Los pueblos de la región opusieron una
fuerte resistencia contra el fascismo japonés, no así la alta burguesía
y los círculos de poder, y cuando Tokio fue vencido, a partir del
heroísmo del Ejército popular chino, ya las condiciones subjetivas en
Vietnam estaban creadas para la independencia. En mucho contribuyó el
ingenio aglutinador del Tío Ho. Por eso el 19 de agosto de 1945, en
Hanoi, fue factible declarar la soberanía y la construcción del
socialismo.
Como era de esperar, y grosso modo, Francia se negó a
aceptar el nuevo escenario creado, pero como la fuerza del líder era
tan grande solo pudo retener Vietnam del Sur, dando lugar a la conocida
guerra de Indochina (1946−1954). Se pensaron inexpugnables, e incluso
creyeron que desde esa posición podían minar la revolución vietnamita.

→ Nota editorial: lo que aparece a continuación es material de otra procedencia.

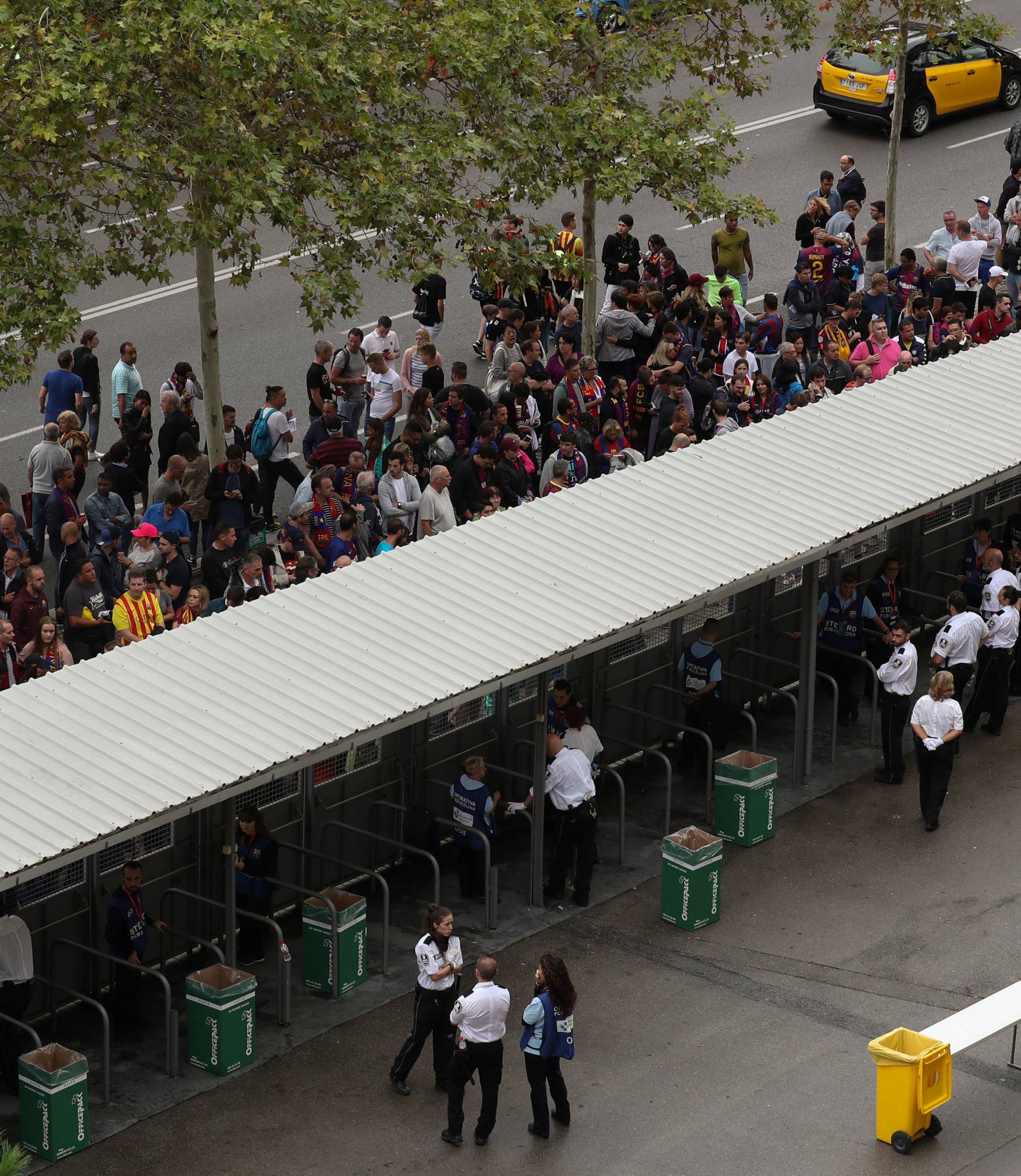 People wait outside Camp Nou stadium for news on whether the Spanish La Liga soccer match between Barcelona and Las Palmas will go ahead as planned in Barcelona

Vinieron años de estoica firmeza, hasta que la batalla de Dien Bien Phu
los obligó a firmar los Acuerdos de Ginebra.
Con este tratado Ho Chi Minh (seudónimo que significa “El que ilumina”) buscaba ganar tiempo, seguro de que una vez preguntado al pueblo del sur si deseaba unirse a sus hermanos del norte, la respuesta sería afirmativa, aspiración frustrada por las apetencias estadounidenses. Y ya sabemos cómo acaba esa historia. La luz del Tío Ho les consagró la victoria definitiva.